## TASK DIRECTIONS
Omit all pictures, then retype the data exactly as given.
BEGIN DATA BLOCK
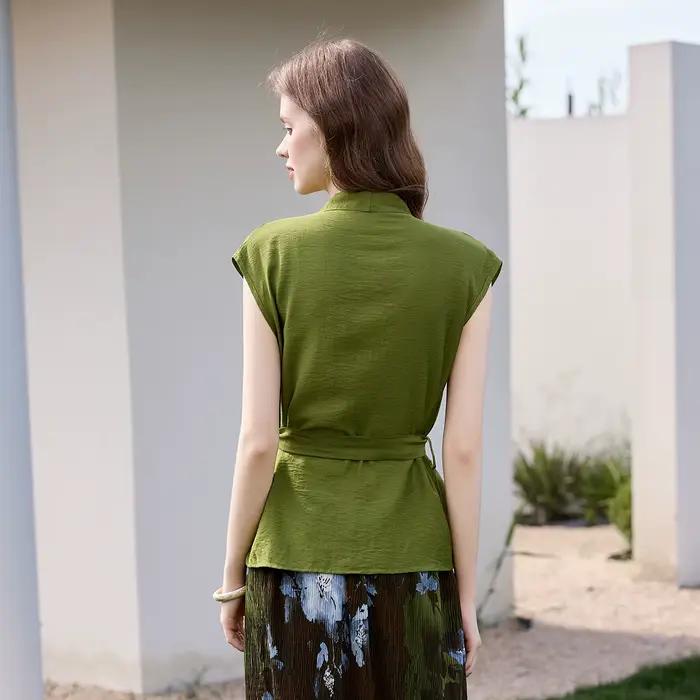 Blouse Femme Style Français LOUIS YAO Été 2026 – Haut Élégant pour le Quotidien, Col en V avec Conception Anti-Écart et Ceinture Amovible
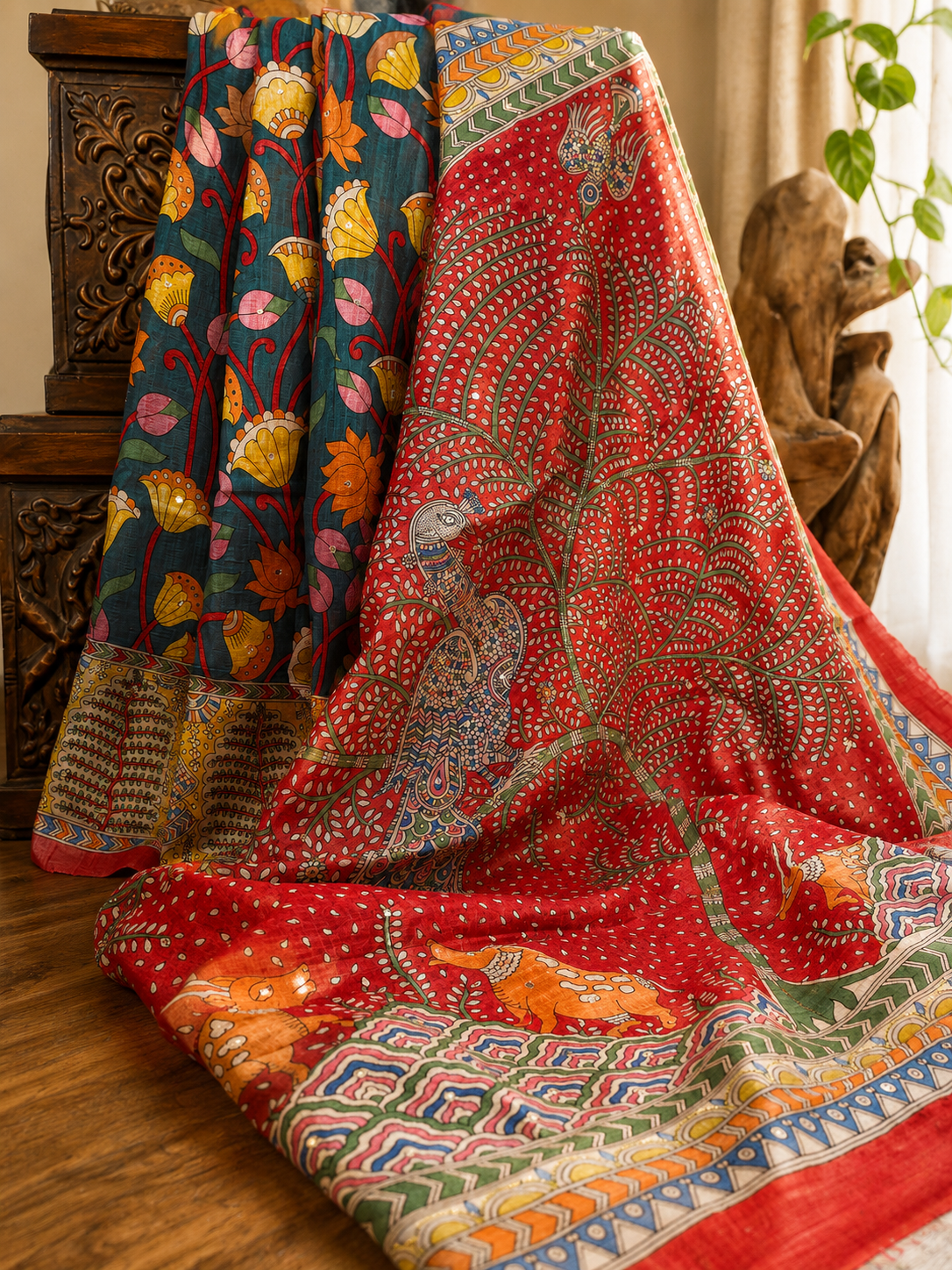 Tussar Matani Pachedi Kalamkari Saree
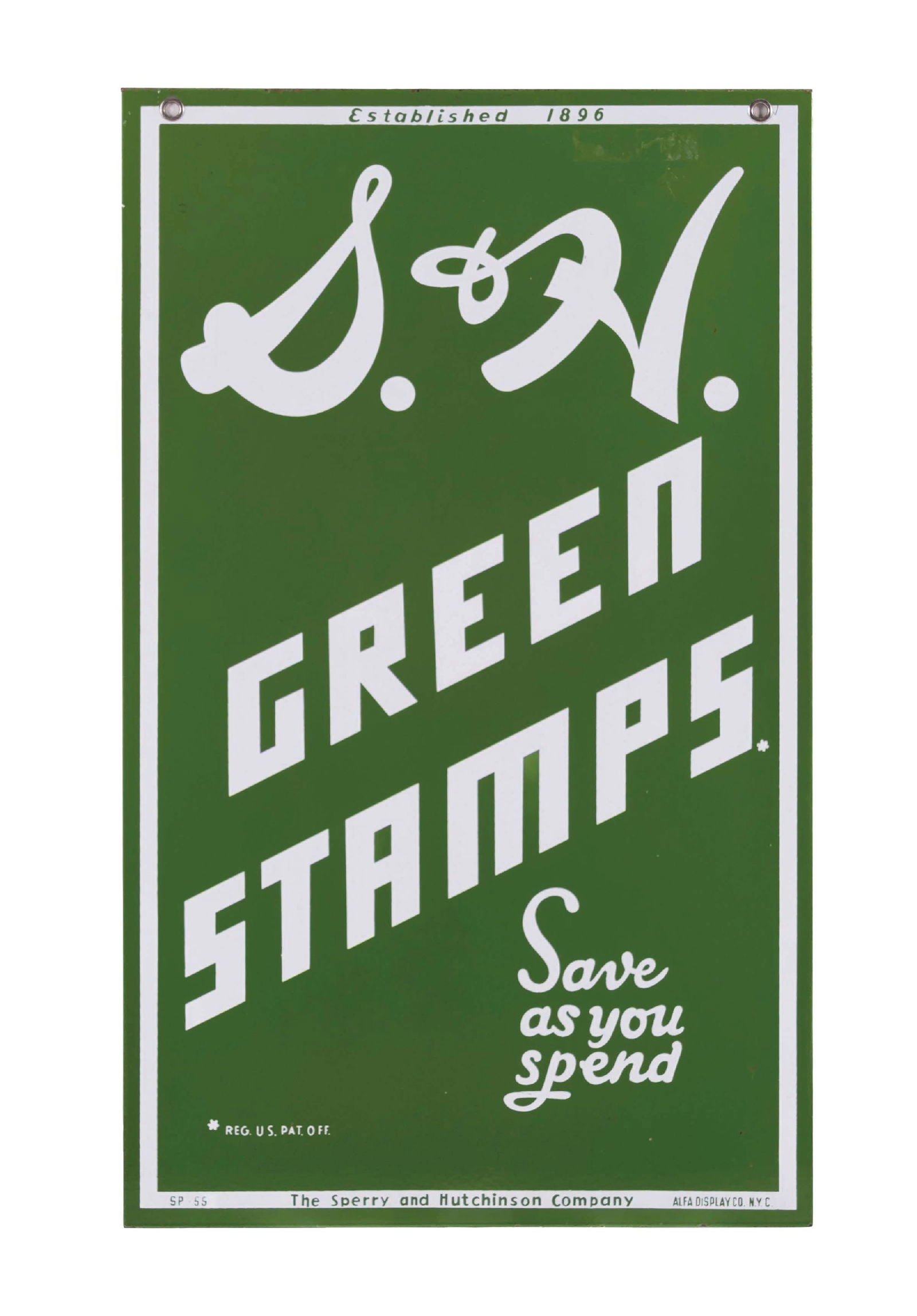 S&H GREEN STAMPS PORCELAIN SIGNDSP.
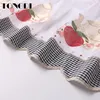 TONGDI Kitchen Curtain Valance Sheer Tiers Pastoral Fruit Cafe Tulle Beautiful Embroidery For Window Of Kitchen Dining Room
END DATA BLOCK
## TASK OUTPUT
 Blouse Femme Style Français LOUIS YAO Été 2026 – Haut Élégant pour le Quotidien, Col en V avec Conception Anti-Écart et Ceinture Amovible
 Tussar Matani Pachedi Kalamkari Saree
 S&H GREEN STAMPS PORCELAIN SIGNDSP.
 TONGDI Kitchen Curtain Valance Sheer Tiers Pastoral Fruit Cafe Tulle Beautiful Embroidery For Window Of Kitchen Dining Room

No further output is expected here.